If the implementation is such that the 'higher level' routine runs at
spltty() most of the time, on architectures which can't cleanly
control their interrupt priorities it ends up that (1) above, inlining
everything in the interrupt routine, is more efficient.

You're going to lose in any case if the 'higher level' routine runs at
spltty(), but at you'll lose less if all of the processing is done
in-line in the interrupt handler.


Now, it's possible to do something less losing, a hybrid of
what's currently done in the ISA driver and what was done in your new
driver, e.g. something along the lines of delaying processing to a
software interrupt, then processing characters like:


	while (chars left to do) {
		get char from our queue;
		s = spltty()
		run line input routine
		splx(s);
	}

However, _that_ has the following problems:
	(1) it does a _LOT_ of spl frobbing, which may end up being
	    expensive because of overuse.
	(2) it defeats any hope of optimization of the line input
	    routine to handle multiple characters.

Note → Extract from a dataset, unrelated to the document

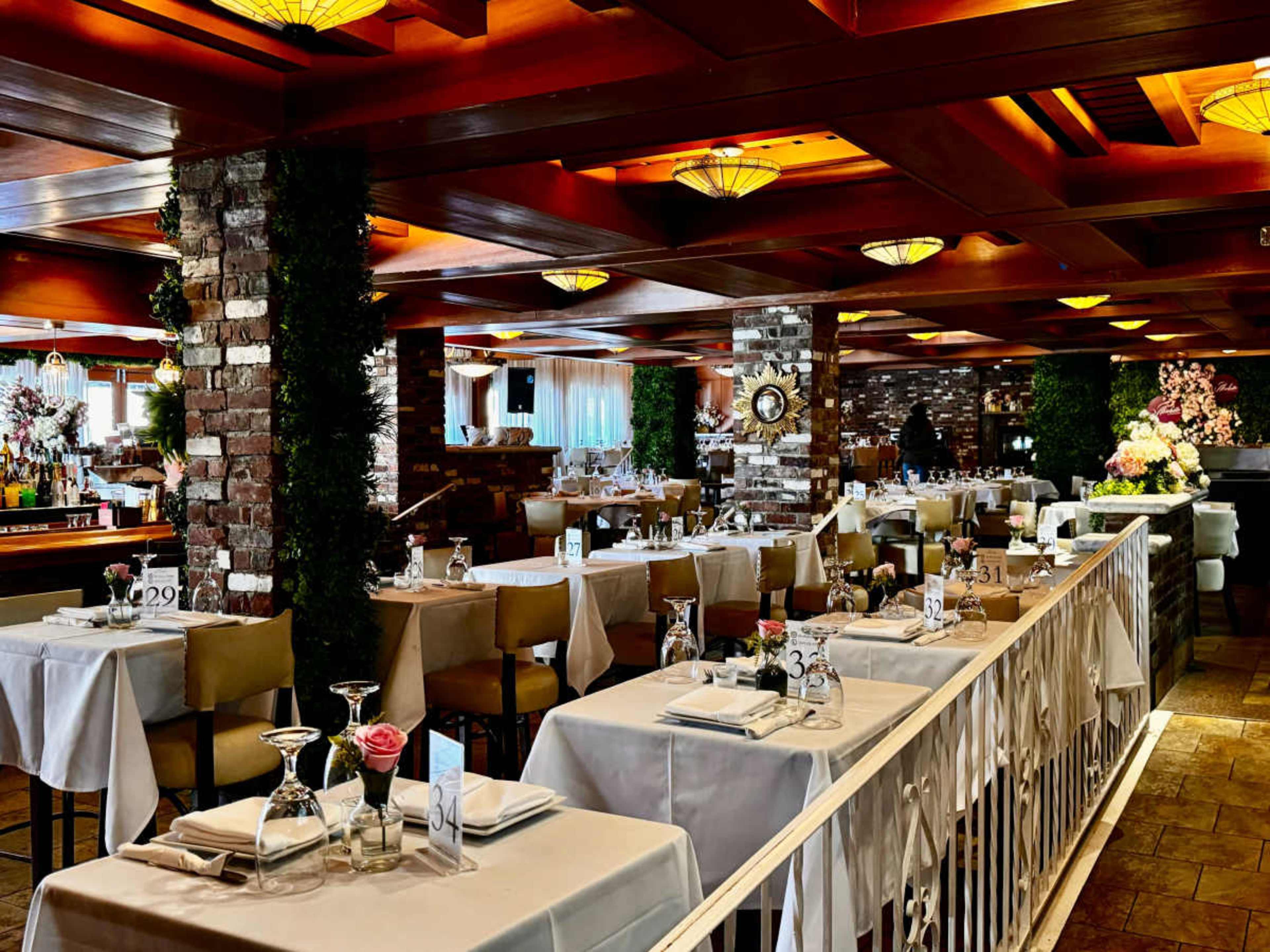 The image shows a spacious restaurant interior with neatly arranged tables, each set with white tablecloths and glassware, surrounded by brick and wooden columns.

I think that it may be 'correct' to require line input processing to
happen at spltty() (so that network interrupts are blocked, as well,
for ttys that double as network interfaces), but i'm not familiar with
that bit of code and haven't thought about it much.

The problem that the snippet above solves is that it drops IPL
frequently, so that interrupt handling can be done on ports like the
Alpha where spltty() will actually block TTY hardware and other device
interrupts.


> Conclusions:
> (1) define IPL_SER (interrupt level for the serial driver) for each
>     architecture. IPL_SER would be IPL_HIGH on the i386.
>     run the interrupt routine at IPL_SER.

This seems necessary, though it's not clear why you'd want to define
it globally as the 'serial port hardware interrupt processing level'
for a given architecture.

it's really not "IPL_SER", it's IPL_GODDAMNED_STUPID_NS16X50_SERIAL_HARDWARE.

Other, smarter, serial devices may well want to interrupt at lower
levels, because they don't suffer the same dain bramage.


> (2a) change my driver (the one on ftp.fwi.uva.nl) to use the 
>      softclock interrupt routine for comsoft() instead of
>      the tty software interrupt.
>      
> or
> 
> (2b) if possible, add a bit of code to alpha/machdep.c for tty software
>      interrupts in do_sir() and call comsoft() from there.
>      It looks like the hp300 needs this too.
> 
> Question:
> Should I go for (2a) or (2b) ?
> or
> Which is "better" 'software interrupts' or 'periodic checks via softclock()' ?

Software interrupts are better, by far.